WORK TASK>
Restate, word for word and with no pictures, the stretch of lines in the data below that begins at the line with "Raghav amp Kalpis" and ends at the line with "Chopin: The Child and The Lad", inclusive.

* * *

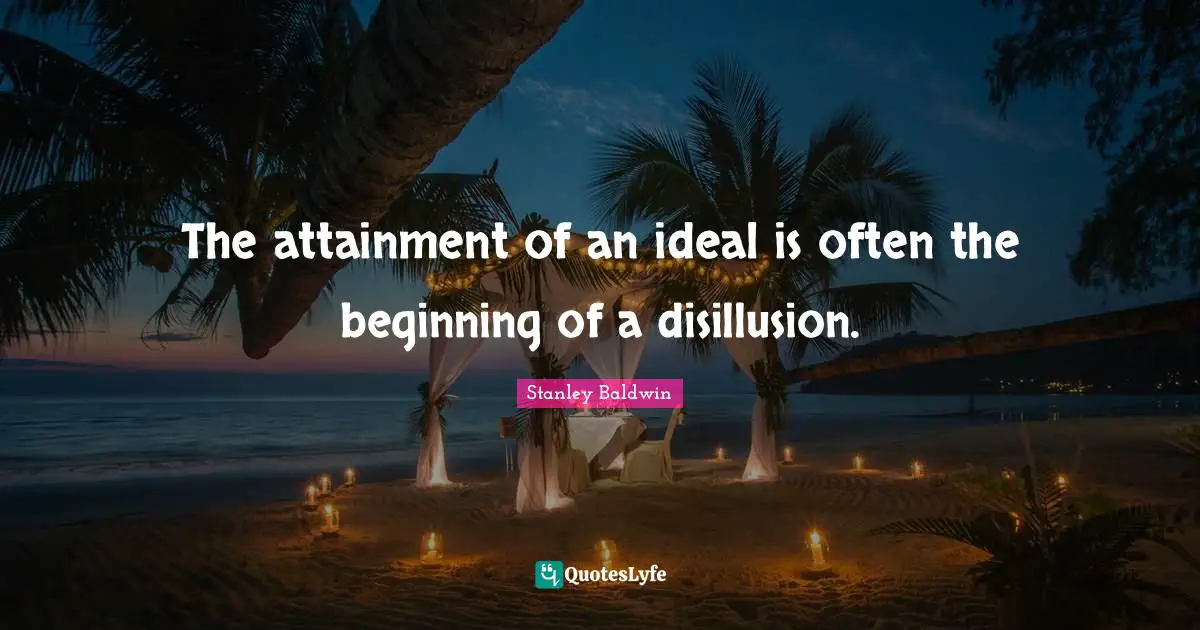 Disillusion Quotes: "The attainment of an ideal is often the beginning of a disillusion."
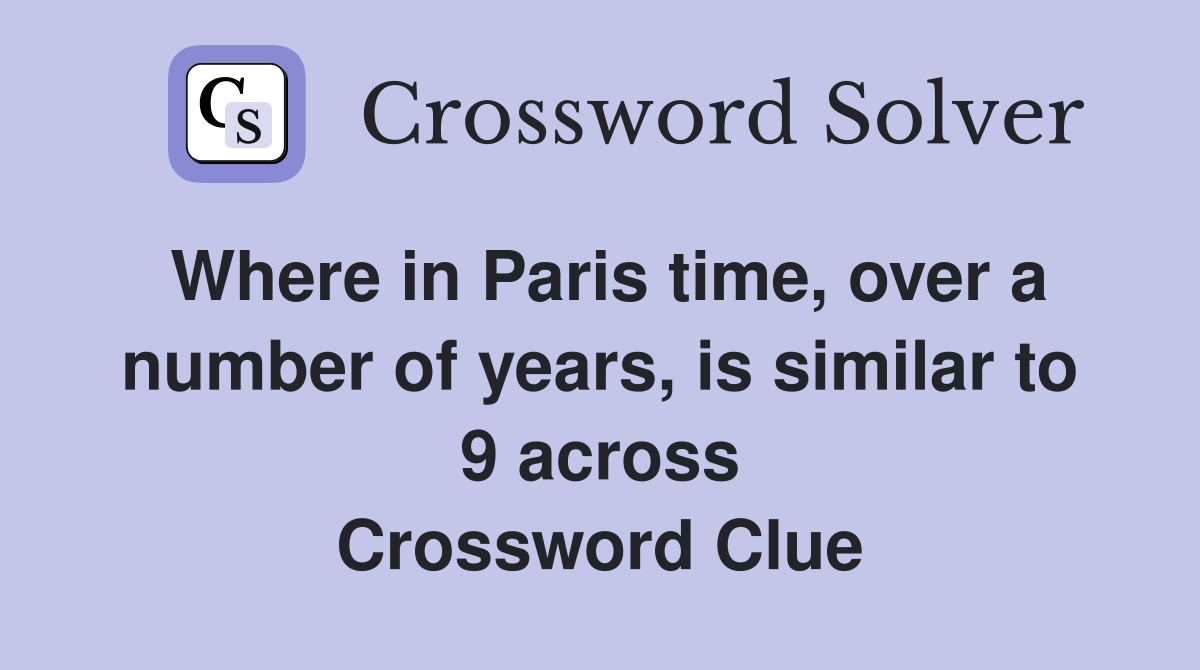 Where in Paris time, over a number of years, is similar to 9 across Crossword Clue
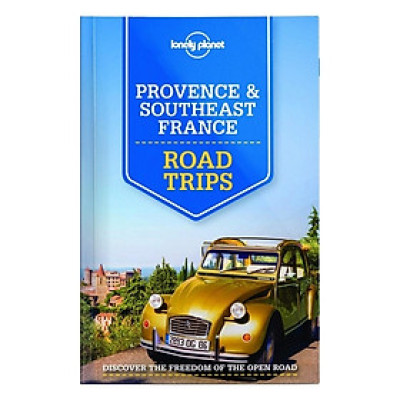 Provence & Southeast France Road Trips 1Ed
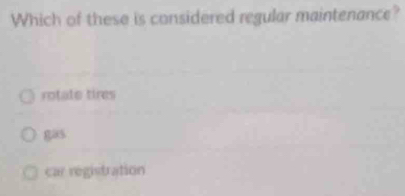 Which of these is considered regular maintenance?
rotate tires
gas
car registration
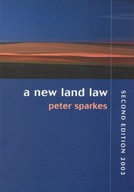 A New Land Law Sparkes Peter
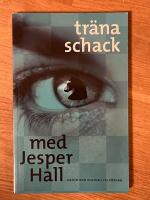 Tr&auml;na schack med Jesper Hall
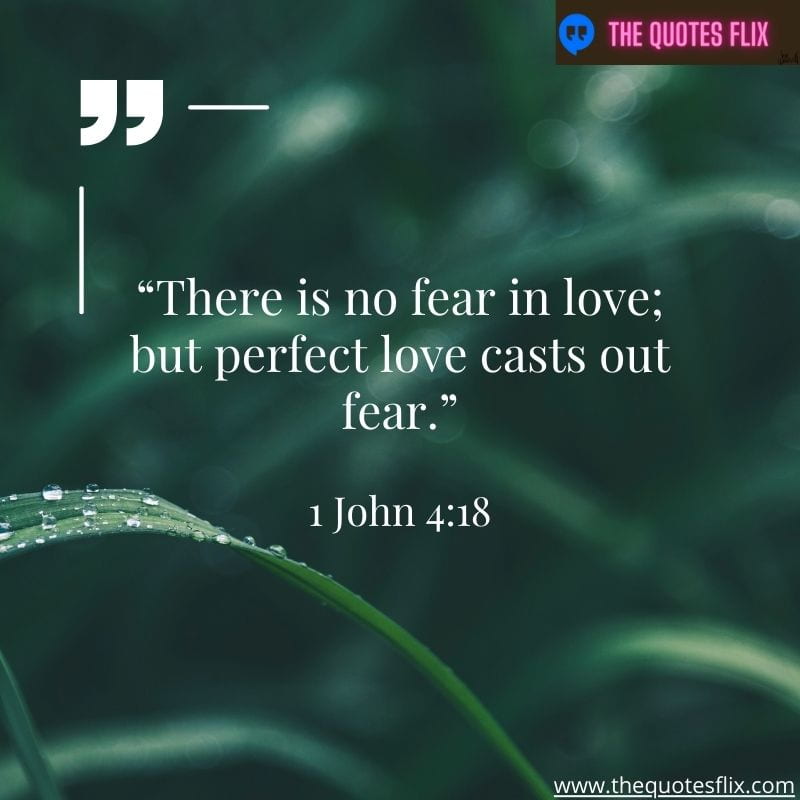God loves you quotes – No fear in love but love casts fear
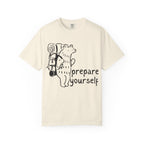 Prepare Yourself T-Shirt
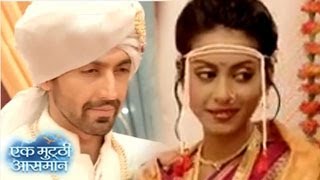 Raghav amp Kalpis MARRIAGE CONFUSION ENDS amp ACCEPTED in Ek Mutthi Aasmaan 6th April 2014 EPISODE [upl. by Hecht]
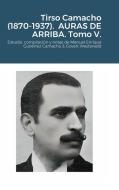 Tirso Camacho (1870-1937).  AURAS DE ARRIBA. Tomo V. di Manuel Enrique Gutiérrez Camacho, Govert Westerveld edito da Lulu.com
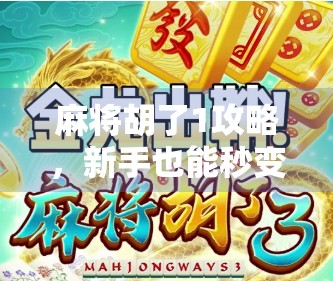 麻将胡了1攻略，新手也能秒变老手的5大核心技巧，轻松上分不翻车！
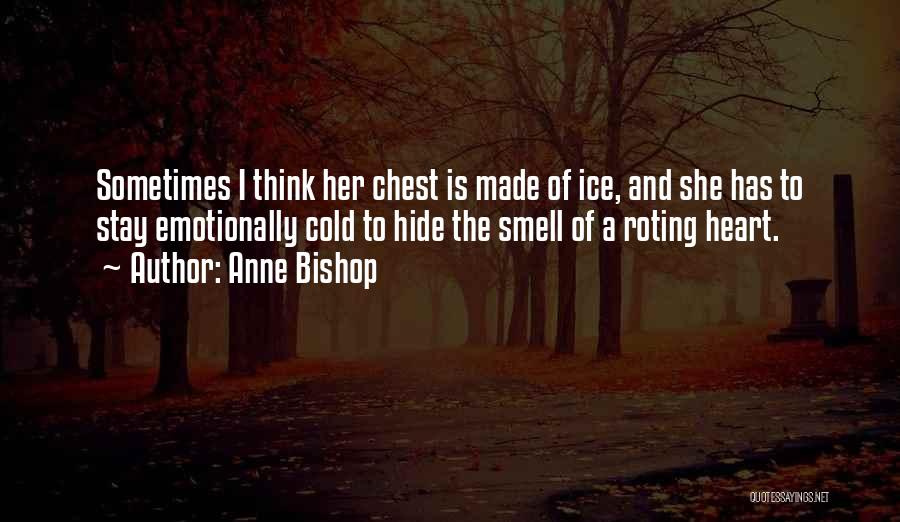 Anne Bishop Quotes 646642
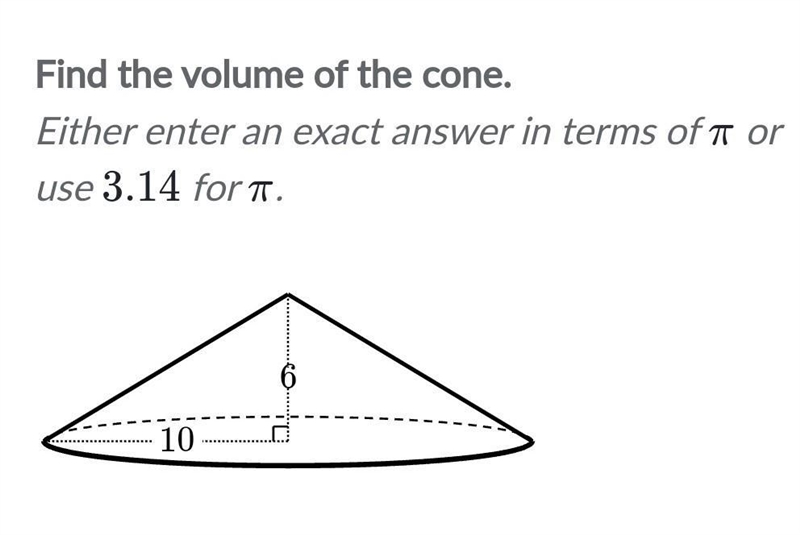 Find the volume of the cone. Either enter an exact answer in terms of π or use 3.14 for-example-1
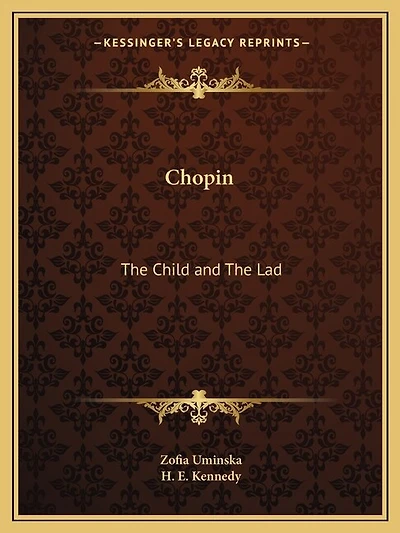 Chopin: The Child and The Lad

* * *

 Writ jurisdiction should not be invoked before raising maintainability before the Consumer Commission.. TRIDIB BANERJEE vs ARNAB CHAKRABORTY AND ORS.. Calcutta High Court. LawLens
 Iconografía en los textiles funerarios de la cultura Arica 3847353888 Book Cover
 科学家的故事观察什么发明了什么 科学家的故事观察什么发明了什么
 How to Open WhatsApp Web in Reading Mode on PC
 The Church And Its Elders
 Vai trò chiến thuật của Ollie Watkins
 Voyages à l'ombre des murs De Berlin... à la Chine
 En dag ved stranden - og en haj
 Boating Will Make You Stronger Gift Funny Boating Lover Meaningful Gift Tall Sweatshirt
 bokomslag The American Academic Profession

* * *

REPLY>
 Raghav amp Kalpis MARRIAGE CONFUSION ENDS amp ACCEPTED in Ek Mutthi Aasmaan 6th April 2014 EPISODE [upl. by Hecht]
 Tirso Camacho (1870-1937).  AURAS DE ARRIBA. Tomo V. di Manuel Enrique Gutiérrez Camacho, Govert Westerveld edito da Lulu.com
 麻将胡了1攻略，新手也能秒变老手的5大核心技巧，轻松上分不翻车！
 Anne Bishop Quotes 646642
 Find the volume of the cone. Either enter an exact answer in terms of π or use 3.14 for-example-1
 Chopin: The Child and The Lad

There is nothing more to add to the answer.